Strongly Worded Letter to Old Guys in Clubs


Dear Old Guys in Clubs,

Okay, first of all, what are you doing here? Don’t you have kids to watch or a prostate exam to undergo?

What exactly are you hoping to find at the club on a Thursday-Saturday night? A sugar baby? A babysitter? Someone who will explain to you what twerking is, and teach you how to use “the Tweeter”? Basically it’s just the status part of Facebook…a Facebook status is that little box thing at the top that asks you how you’re feeling. No, your mom did not put that there because she thinks you’re not ‘communicating’ enough.
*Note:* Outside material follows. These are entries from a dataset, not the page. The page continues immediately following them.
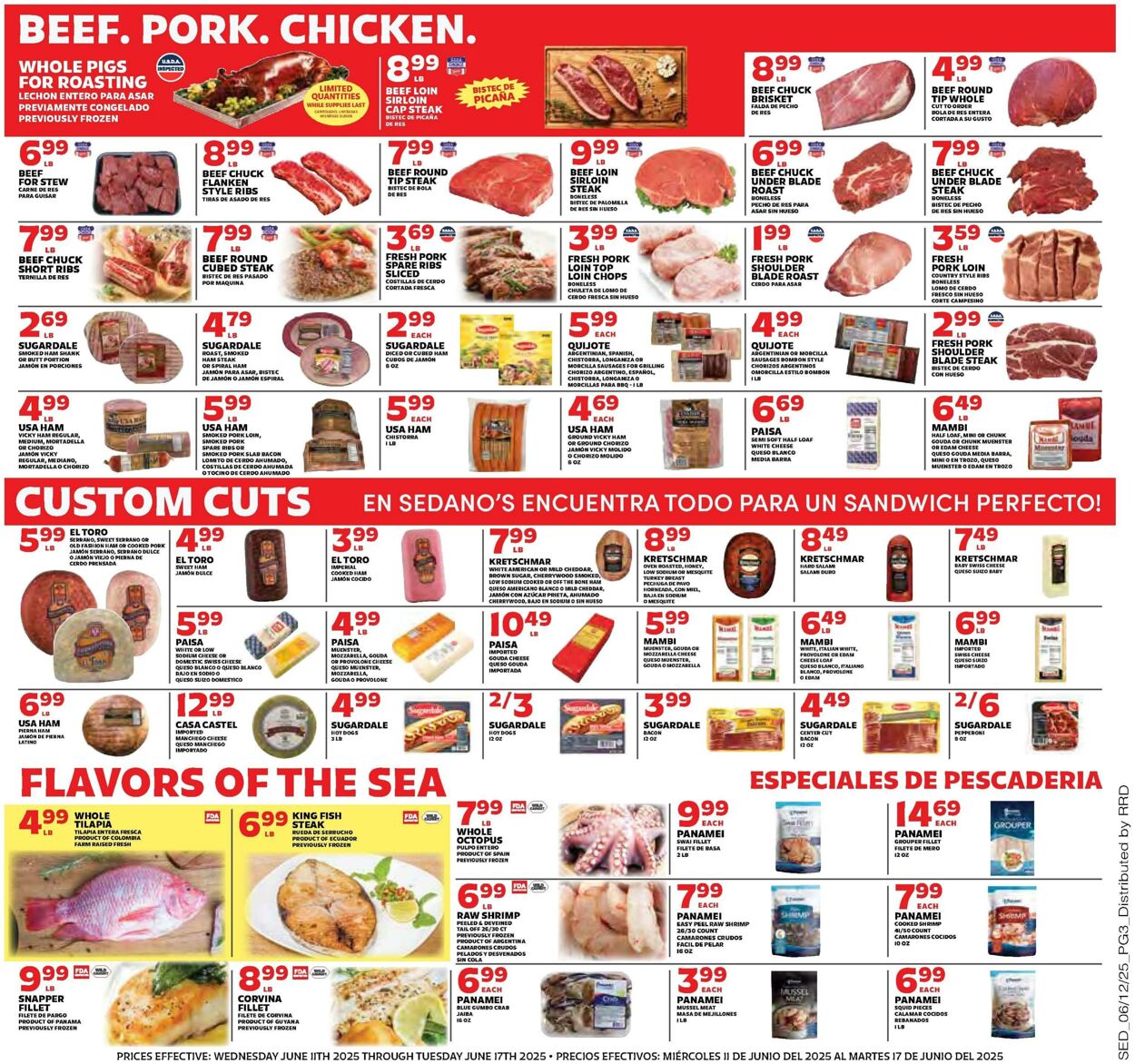 Weekly ad Sedano's 06/11/2025 - 06/17/2025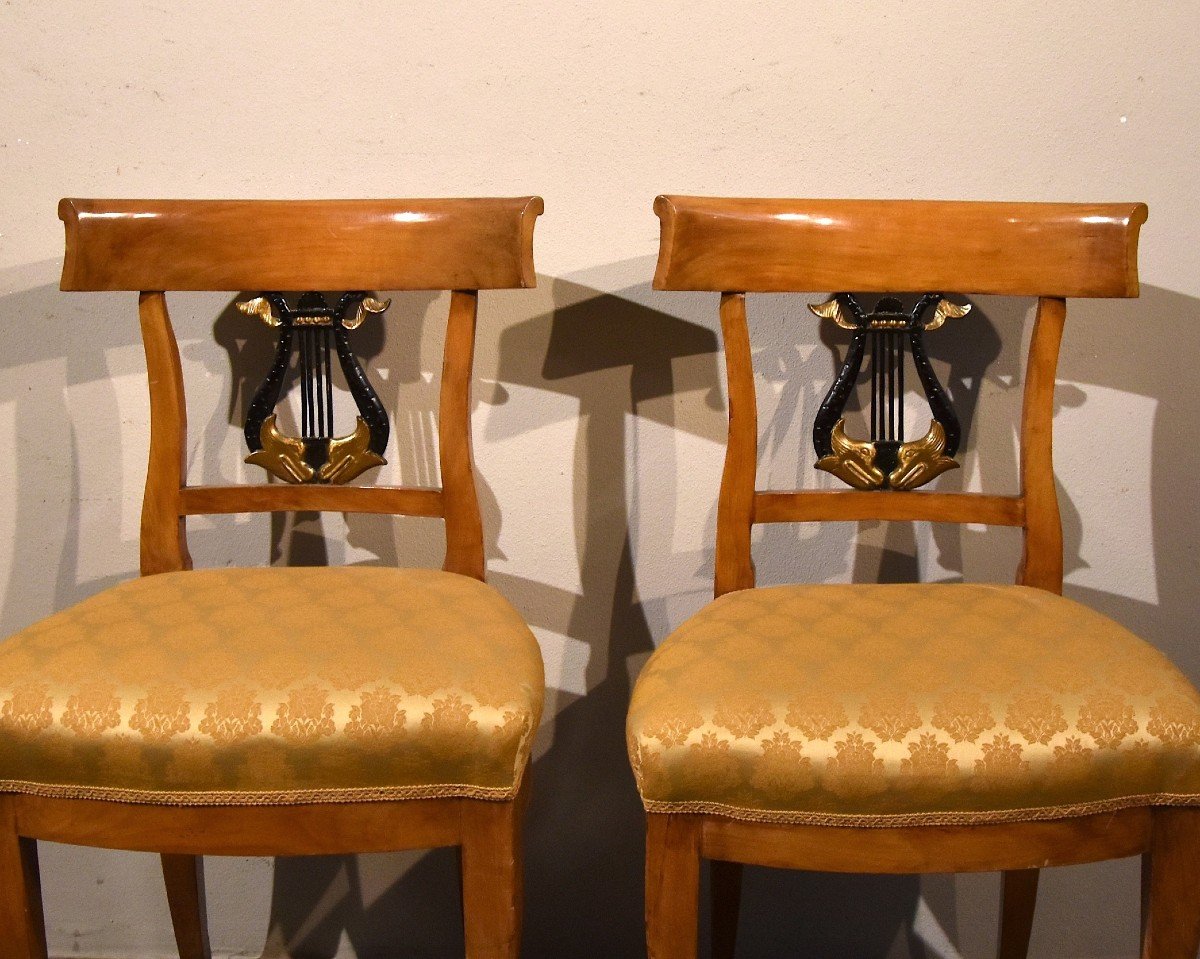 Pair Of Biedermeier Chairs, Germany 19th Century-photo-3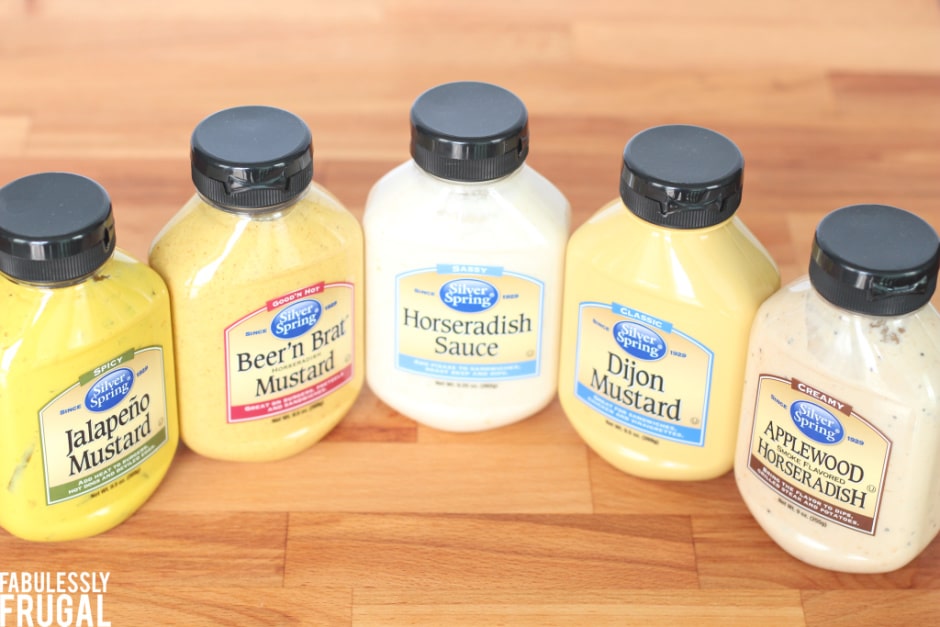 silver spring foods mustard and horseradish sauces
Why can’t you do what all the other men your age do when they’re looking to blow off some steam and go to a sports bar and yell at a TV, or blow your retirement fund on a Lambo?

I seriously doubt you even have fun at clubs, seeing that unless it’s some kind of throwback-themed night, you’re settling in for a night of songs you have never even heard of. No, the DJ will not be playing “Who Let the Dogs Out.”

Plus, if I wanted to see middle aged men dancing, I’d go to a bar mitzvah or a U2 concert.

And good luck trying to pick up a girl with a line like, “$15 for a watered-down cocktail, can you believe it? Back in my day $15 could buy you a used car, and a trip to the movies!”

Maybe try picking up women on, or a local game of mah jongg, because when a betch goes to a club, a guy who could quite possibly be friends with her dad is very low on the list in terms of shit she wants to get into that night.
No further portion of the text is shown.